U.S Stock Market Getting Interesting Again
Since peaking last October, the U.S. stock market, as measured by the S&P 500 Index, fell by more than 20% by the end of 2018 – a fall of a little more than 20%, which meets the traditional criteria of a bear market. Other measures of a bear market, such as the 50 day / 200 day moving average “death cross”, or the price being below the 200-day moving average, were also reached as a matter of course.
Funnily enough, ever since that 20% fall was reached at the end of December, the market has been recovering steadily. The logic of labeling a 20% fall from a price peak a bear market has a flip side: a 20% rise from a low is a bull market, and by that criteria, we will be in a bull market again once the S&P 500 Index reaches 2815.90. We are not quite there yet, but this level is coming into view and is not very far off.
There are two immediate events which might derail this recovery into a bull market: firstly, and most seriously, the 1st March deadline for the U.S. to either agree a comprehensive trade deal with China or impose full tariffs. Secondly, the U.S. government is scheduled to shut down again on 15th February if no financing deal can be agreed between President Trump and the Democrat-controlled Congress. China is by far the bigger threat to the stock market’s recovery.

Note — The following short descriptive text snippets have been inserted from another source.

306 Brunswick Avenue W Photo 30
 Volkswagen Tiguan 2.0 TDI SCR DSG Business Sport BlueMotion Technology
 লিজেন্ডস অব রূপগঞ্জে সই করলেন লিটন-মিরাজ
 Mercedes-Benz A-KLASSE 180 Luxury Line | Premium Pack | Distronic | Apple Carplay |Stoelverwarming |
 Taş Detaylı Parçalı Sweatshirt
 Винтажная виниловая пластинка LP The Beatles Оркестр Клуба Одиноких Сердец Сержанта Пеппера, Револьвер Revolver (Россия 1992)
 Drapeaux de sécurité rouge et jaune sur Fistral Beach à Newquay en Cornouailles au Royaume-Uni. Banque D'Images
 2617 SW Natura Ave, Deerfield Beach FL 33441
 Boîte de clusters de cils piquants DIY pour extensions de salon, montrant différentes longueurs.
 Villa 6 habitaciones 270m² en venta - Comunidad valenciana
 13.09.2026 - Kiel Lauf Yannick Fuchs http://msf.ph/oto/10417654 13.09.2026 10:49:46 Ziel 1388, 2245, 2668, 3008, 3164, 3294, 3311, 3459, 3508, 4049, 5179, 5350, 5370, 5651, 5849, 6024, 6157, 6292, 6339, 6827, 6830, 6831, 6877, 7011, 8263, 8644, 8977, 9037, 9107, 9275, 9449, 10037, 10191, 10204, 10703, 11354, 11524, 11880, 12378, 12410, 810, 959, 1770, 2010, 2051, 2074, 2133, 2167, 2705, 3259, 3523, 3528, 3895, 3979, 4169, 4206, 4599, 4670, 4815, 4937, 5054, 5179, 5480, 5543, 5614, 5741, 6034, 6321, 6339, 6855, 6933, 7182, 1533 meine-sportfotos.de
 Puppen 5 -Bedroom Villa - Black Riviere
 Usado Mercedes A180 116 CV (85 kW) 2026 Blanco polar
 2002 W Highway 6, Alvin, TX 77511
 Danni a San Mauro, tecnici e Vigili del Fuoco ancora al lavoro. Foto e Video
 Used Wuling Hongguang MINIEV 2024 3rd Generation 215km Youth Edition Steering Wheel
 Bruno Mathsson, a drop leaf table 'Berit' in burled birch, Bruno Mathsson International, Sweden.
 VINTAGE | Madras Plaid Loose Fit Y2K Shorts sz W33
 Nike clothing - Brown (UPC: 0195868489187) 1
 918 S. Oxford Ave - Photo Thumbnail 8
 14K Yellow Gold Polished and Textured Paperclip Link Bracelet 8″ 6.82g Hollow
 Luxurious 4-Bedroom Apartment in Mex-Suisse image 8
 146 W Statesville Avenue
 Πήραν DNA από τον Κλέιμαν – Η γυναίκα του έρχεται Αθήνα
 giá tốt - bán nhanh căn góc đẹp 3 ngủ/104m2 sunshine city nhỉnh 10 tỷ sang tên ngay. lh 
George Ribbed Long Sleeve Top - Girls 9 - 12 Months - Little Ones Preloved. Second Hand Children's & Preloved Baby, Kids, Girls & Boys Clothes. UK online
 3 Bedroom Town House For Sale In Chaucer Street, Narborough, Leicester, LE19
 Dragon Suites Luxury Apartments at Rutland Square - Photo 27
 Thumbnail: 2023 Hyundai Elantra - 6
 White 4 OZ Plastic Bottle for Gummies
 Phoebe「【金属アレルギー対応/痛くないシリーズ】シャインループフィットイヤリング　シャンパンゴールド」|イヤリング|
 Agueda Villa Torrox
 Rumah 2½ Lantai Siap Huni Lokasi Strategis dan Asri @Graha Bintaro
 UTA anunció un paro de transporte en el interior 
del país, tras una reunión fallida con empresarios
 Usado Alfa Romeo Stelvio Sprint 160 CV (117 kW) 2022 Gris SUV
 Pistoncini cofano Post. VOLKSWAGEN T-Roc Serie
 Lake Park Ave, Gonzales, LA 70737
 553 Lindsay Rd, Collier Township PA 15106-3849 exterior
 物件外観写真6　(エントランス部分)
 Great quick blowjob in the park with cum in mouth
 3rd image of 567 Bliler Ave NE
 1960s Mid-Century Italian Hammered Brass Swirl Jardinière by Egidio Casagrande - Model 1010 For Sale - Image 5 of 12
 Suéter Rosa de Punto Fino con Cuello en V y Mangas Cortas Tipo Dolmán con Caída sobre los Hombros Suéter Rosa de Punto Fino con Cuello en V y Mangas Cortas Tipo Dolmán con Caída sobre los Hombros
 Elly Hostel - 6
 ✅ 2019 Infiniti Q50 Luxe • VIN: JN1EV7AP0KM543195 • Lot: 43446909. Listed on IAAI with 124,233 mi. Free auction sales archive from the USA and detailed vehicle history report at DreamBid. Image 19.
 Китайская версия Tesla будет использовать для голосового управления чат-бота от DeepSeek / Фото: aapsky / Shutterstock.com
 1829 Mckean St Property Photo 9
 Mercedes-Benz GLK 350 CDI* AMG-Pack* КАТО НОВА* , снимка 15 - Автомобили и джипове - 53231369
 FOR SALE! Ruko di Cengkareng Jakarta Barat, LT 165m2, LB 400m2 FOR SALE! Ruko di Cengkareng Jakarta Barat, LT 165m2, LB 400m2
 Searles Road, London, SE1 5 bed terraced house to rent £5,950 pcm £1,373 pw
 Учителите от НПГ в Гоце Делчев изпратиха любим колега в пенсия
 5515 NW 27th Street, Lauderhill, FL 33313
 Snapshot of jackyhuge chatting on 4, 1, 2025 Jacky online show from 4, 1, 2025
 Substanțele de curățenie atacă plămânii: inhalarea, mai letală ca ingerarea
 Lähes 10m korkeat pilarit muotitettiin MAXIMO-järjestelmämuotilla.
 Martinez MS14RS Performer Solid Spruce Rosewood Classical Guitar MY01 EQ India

Most Forex/CFD brokerages offer trading in major stock market indices such as the S&P 500 and the Dow Jones Industrial Average as well as Forex currency pairs. These historically tend to make more reliable movements than Forex currency pairs, at least in the long direction, so can be good to trade when they are rising. The problem is that when LIBOR is relatively high (as it is now), the overnight financing charge on long positions can equal something like 5% on an annualized basis. Furthermore, the spreads charged by retail Forex/CFD brokerages are typically relatively high compared to Forex currency pairs. If you want to trade stock market indices you should carefully examine these costs and weigh them against how much you expect to make in profit overall, to determine whether it is worthwhile.